The Central Bank of Nigeria has rolled out an ambitious 2026 monetary policy roadmap aimed at bringing inflation down to single digits, stabilising the naira, and strengthening the country’s financial system.
Governor Olayemi Cardoso unveiled the plan in Abuja during the first Monetary Policy Forum of 2026, describing it as the next phase in Nigeria’s economic reset focused on consolidating recent gains rather than introducing sweeping new measures.
A Shift to Consolidation
Cardoso said the Monetary Policy Committee (MPC) will prioritise sustaining the downward trend in inflation, maintaining exchange rate stability, and improving liquidity across the banking sector.
“Our next phase is about consolidation,” he said. “We are working to firmly anchor inflation on a path toward single digits, preserve exchange rate stability, strengthen reserves through organic inflows, and deepen the interbank market.”

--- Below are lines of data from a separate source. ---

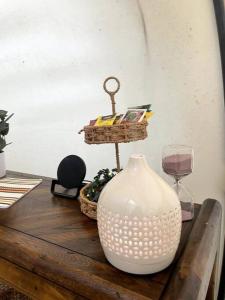 The Hideout - Stargazing Glamping Swim Oasis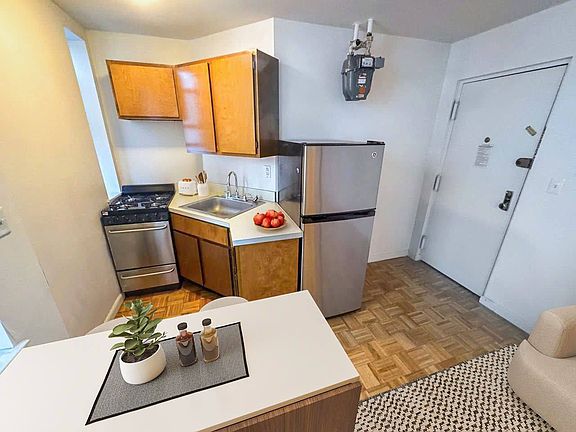 4th image of 206 E 67th St APT 50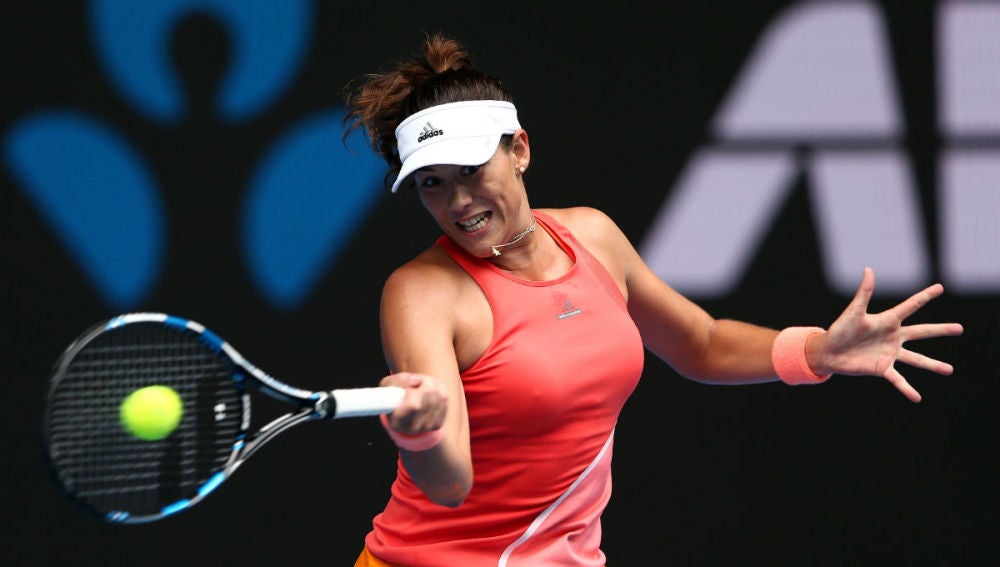 Garbiñe Muguruza golpea un 'drive' ante Kirsten Flipkens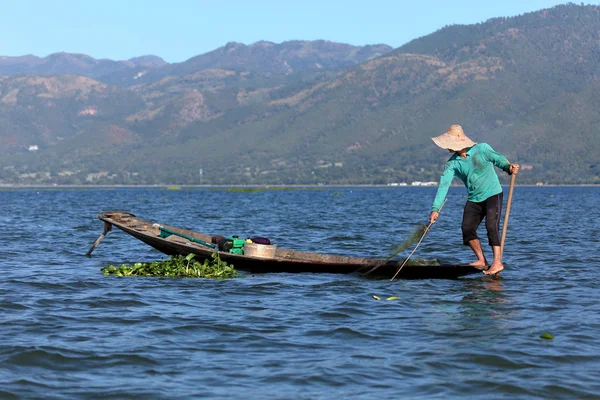 I famosi pescatori del lago Inle in Myanmar — Foto Stock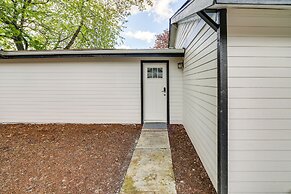 Modern Pacific Vacation Rental: 5 Mi to Lake Tapps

He added that improving how monetary policy decisions transmit through the economy would also be a key focus, ensuring that policy changes have real impact on businesses and households.
Coordination Is Key
The CBN governor stressed that achieving these goals will require close collaboration between monetary and fiscal authorities, alongside disciplined implementation and active engagement with stakeholders.
He noted that while Nigeria’s outlook remains cautiously optimistic, the road ahead is not without risks.
Globally, Cardoso projected economic growth at 3.3 percent in 2026 but warned that tight financial conditions, lingering effects of previous monetary tightening, and geopolitical tensions could weigh on recovery.
He also pointed to instability in the Middle East as a potential threat, particularly due to its influence on global oil prices—an important factor for Nigeria’s revenue.
🇳🇬 Domestic Outlook: Growth with Risks
On the home front, Cardoso projected Nigeria’s economy would grow by about 4.49 percent, supported by ongoing reforms, improved oil output, and a more market-driven foreign exchange system.
However, he flagged several downside risks, including:
- Food supply challenges
- Infrastructure gaps
- Election-related spending pressures
Despite these concerns, he expressed confidence that stronger macroeconomic fundamentals and improved coordination between institutions would help cushion potential shocks.
FG Eyes Faster Growth
In a supporting address, Minister of Finance Wale Edun said the Federal Government is aiming for a more aggressive growth trajectory.
“Our goal is about 7 percent GDP growth,” he said. “That level of expansion is necessary to significantly reduce poverty and improve living standards.”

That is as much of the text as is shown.